Exercise instructions
Task for the records below: repeat the line containing "Ponto Comercial para" and every line after it, exactly and with nothing else, but leave out the pictures.

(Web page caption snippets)

○ ○ ○

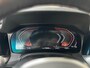 BMW 3-Serie Touring 320d High Executive PANO|LED|Leder|HUD|Harman|Trekhaak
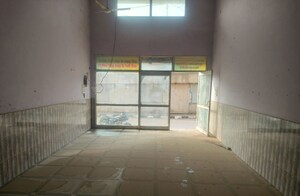  Shop For Sale in Jind ho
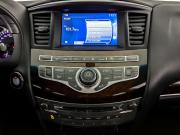Infiniti QX60 I Рестайлинг Москва  - изображение 47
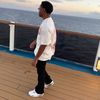 706huncho_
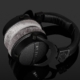 Beyerdynamic DT 770 Pro X Limited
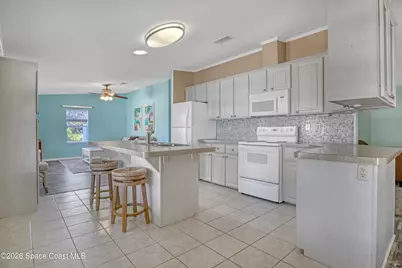 7547 Boxelder Road, Micco, FL 32976 - Photo 13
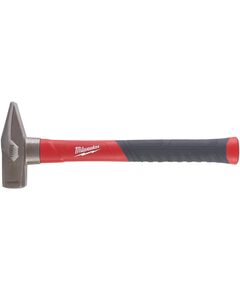 Инженерный молоток 1000 г с рукояткой из стекловолокна, фото  | SNABZHENIE.com.ua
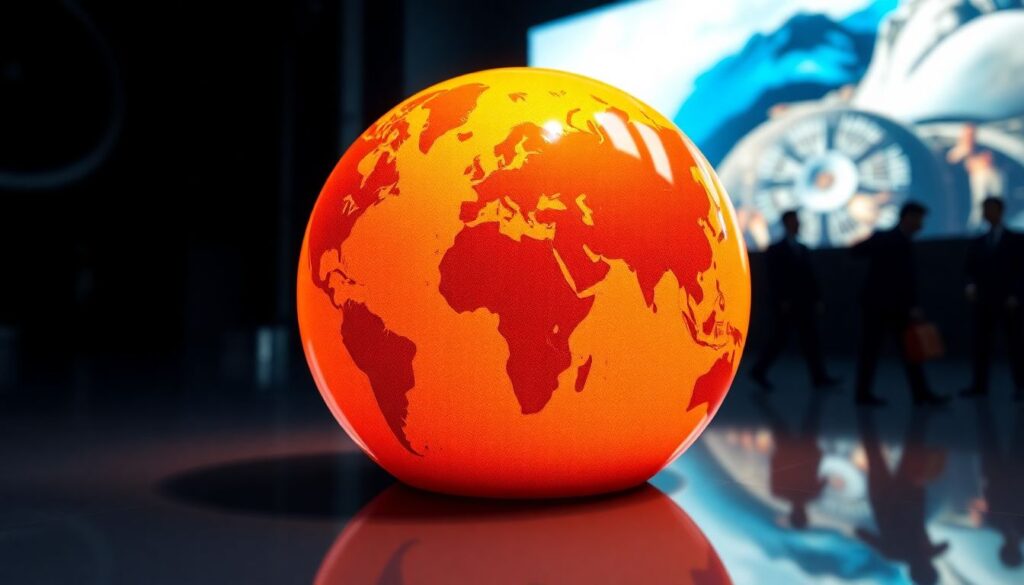 Глобальные релизы и их влияние на восприятие франшизы - иллюстрация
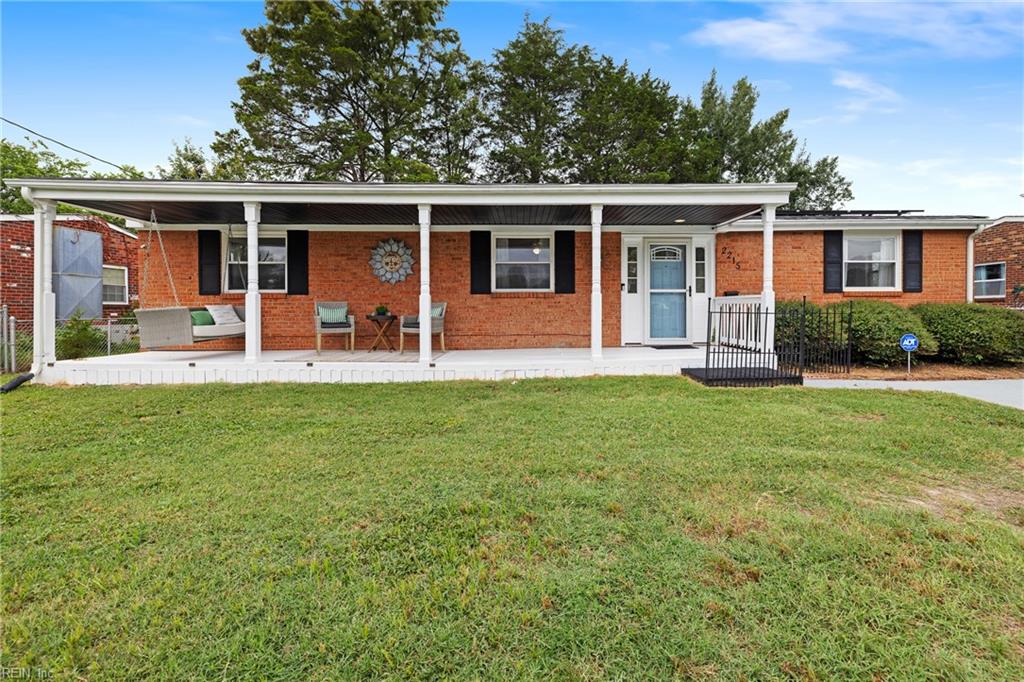 2215 Rawood Dr Property Photo 18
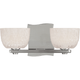 Hudson Valley Lighting - Cove Neck Vanity Light - Lights Canada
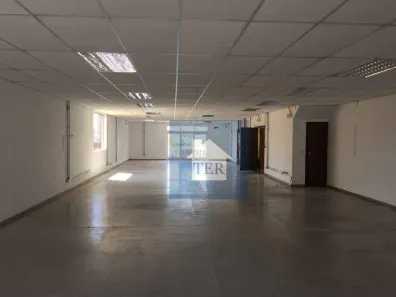 Ponto Comercial para alugar, 308m² no Lauzane Paulista, São Paulo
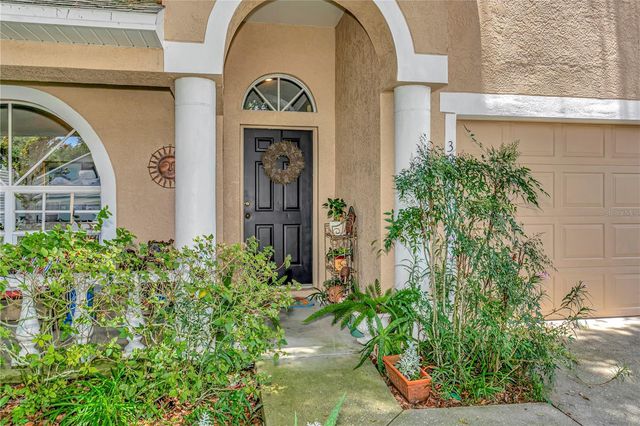 3049 BEAVER POND TRAIL, Valrico, FL 33596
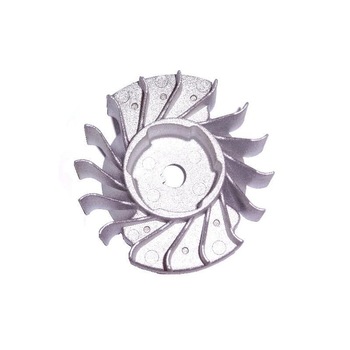 Volanta Stihl MS 210, 230, 250, 021, 023, 025, pentru drujba, Blade Volanta Stihl MS 210, 230, 250, 021, 023, 025, pentru drujba, Blade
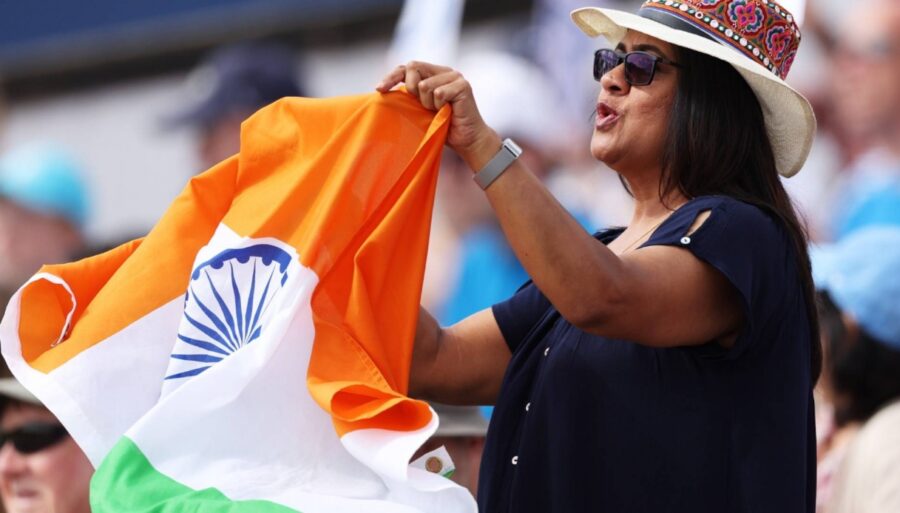 Nouveau rebondissement pour le MotoGP 2023 : l’Inde au calendrier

○ ○ ○

Written solution
 Ponto Comercial para alugar, 308m² no Lauzane Paulista, São Paulo
 3049 BEAVER POND TRAIL, Valrico, FL 33596
 Volanta Stihl MS 210, 230, 250, 021, 023, 025, pentru drujba, Blade Volanta Stihl MS 210, 230, 250, 021, 023, 025, pentru drujba, Blade
 Nouveau rebondissement pour le MotoGP 2023 : l’Inde au calendrier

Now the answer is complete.